On se retrouve ainsi saisi par un univers sonore qui rappelle celui de grands films épiques ou d’anticipation (‘Blade Runner’, ‘Dune’), mais des motifs de la musique d’Adolphe Adam s’insèrent également avec un traitement acoustique et spatial grandiose qui leur donne une dimension futuriste obsédante. 

Le mystère et la méditation sont loin d’être absents, surtout en seconde partie, et c’est un plaisir béat que de se laisser porter par les rythmes et la gestuelle orientalisantes du Kathak, danse indienne dont Akram Khan est un interprète reconnu, qui s’immiscent dans la chorégraphie pour mettre en valeur la vitalité et les magnifiques mouvements d’ensembles ornementaux et plein d’allant du corps de ballet.

Tamara Rojo (Giselle) et Isaac Hernández (Albrecht)

Tamara Rojo (Giselle) et Isaac Hernández (Albrecht)

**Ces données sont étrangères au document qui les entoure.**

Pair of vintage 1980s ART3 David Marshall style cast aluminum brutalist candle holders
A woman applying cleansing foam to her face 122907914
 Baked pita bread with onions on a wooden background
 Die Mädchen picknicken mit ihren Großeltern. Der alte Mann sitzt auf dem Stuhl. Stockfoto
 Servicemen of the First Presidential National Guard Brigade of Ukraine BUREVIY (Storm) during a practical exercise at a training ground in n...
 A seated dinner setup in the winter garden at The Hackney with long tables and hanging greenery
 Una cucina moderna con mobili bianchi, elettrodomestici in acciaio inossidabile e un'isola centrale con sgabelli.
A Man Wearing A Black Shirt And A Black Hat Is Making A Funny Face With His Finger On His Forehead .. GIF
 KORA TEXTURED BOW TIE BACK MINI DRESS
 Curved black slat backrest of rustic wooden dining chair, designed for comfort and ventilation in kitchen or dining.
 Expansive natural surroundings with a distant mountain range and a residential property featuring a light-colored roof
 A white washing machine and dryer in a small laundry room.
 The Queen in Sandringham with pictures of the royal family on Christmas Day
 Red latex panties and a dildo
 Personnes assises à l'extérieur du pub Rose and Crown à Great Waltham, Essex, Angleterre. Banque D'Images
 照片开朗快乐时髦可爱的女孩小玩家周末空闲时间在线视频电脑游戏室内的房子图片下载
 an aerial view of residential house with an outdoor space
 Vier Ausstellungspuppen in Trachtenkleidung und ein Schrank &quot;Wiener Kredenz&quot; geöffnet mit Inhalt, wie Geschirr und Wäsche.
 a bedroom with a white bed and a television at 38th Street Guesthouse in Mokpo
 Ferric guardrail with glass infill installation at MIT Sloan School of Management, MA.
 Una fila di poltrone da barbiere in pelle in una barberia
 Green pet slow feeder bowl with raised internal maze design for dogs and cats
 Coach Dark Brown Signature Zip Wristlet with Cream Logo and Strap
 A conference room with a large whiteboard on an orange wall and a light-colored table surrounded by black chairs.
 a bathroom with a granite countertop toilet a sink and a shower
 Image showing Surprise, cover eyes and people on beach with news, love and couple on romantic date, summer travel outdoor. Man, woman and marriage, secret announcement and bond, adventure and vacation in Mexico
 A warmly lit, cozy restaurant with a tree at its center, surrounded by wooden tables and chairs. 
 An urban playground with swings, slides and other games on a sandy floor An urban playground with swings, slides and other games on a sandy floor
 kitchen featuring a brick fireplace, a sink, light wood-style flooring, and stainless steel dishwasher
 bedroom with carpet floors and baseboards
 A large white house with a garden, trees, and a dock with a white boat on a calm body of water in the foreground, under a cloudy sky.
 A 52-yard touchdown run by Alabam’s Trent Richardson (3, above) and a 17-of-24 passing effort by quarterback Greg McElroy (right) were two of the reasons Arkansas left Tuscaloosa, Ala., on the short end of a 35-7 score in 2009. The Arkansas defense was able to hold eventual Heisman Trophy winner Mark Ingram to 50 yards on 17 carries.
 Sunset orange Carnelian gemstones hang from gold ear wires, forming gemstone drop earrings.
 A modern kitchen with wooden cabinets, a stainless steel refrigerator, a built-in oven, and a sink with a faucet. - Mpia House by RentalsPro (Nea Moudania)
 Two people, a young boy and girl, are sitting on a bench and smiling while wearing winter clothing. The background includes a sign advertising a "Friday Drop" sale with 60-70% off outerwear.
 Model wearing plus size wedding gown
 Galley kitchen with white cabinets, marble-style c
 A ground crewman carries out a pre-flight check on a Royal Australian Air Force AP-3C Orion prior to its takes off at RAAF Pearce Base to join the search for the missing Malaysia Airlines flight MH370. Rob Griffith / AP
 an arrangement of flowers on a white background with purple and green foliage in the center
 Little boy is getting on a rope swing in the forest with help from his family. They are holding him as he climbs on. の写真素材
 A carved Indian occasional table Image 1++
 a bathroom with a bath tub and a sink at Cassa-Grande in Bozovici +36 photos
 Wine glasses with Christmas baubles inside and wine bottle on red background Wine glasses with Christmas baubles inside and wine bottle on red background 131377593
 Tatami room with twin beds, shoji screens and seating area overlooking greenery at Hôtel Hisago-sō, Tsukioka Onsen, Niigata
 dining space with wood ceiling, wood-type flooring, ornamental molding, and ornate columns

Le décor se limite à un immense mur pivotant autour d’un axe central situé en hauteur et parallèle à la longueur de la scène, sur lequel sont imprimées les traces des mains des danseurs. L’ambiance est sombre, et l’on ressent que ces femmes et hommes avec lesquels Giselle vit sont enfermés dans un monde oppressant qui restreint leur liberté.

Ken Saruhashi (Hilarion) et les danseurs de l'English National Ballet

Ken Saruhashi (Hilarion) et les danseurs de l'English National Ballet

Tamara Rojo dessine une Giselle aux émotions parfaitement contrôlées, souple et naturelle dans ses poses arquées, forte et déterminée sur pointes au royaume des Willis. En Albrecht, le riche noble, Isaac Hernández est un partenaire bienveillant mais aussi assez lisse, moins marquant que le redoutable Ken Saruhashi qui brosse un portrait remarquablement anguleux, fort et sincère d’Hilarion par son amour sombre pour la jeune fille, avec une célérité et une précision de mouvement splendides.

Tamara Rojo (Giselle) et Ken Saruhashi (Hilarion)

Tamara Rojo (Giselle) et Ken Saruhashi (Hilarion)

Stina Quagebeur, très sollicitée sur ses pointes omniprésentes qui traduisent bien la nature acérée du tempérament de Myrtha, offre une vision insaisissable de cette créature vengeresse, sous des lumières bleutées, comme dans le ballet classique. Toutefois, dans cette seconde partie, la musique n’exprime pas la même délicatesse à fleur de peau que celle d’Adolphe Adam, et les affectations se ressentent moins. La chorégraphie, très épurée, esthétise surtout une danse de la mort entre Albrecht et Giselle pour sublimer l’harmonie qui lie les deux êtres.

Tamara Rojo (Giselle) et les Willis

Tamara Rojo (Giselle) et les Willis

Et si la modernité de la musique associée à un univers fantastique est un facteur immersif important capable d’emporter l’adhésion d’une large audience, et que la chorégraphie use de langages très divers pour exprimer les sentiments des personnages, on retrouve dans ce spectacle un défaut qui parcoure beaucoup d’œuvres cinématographiques aujourd’hui en ce qu’il ne représente pas de personnalités suffisamment fortes qui dépassent la propre trame dramatique de l'ouvrage.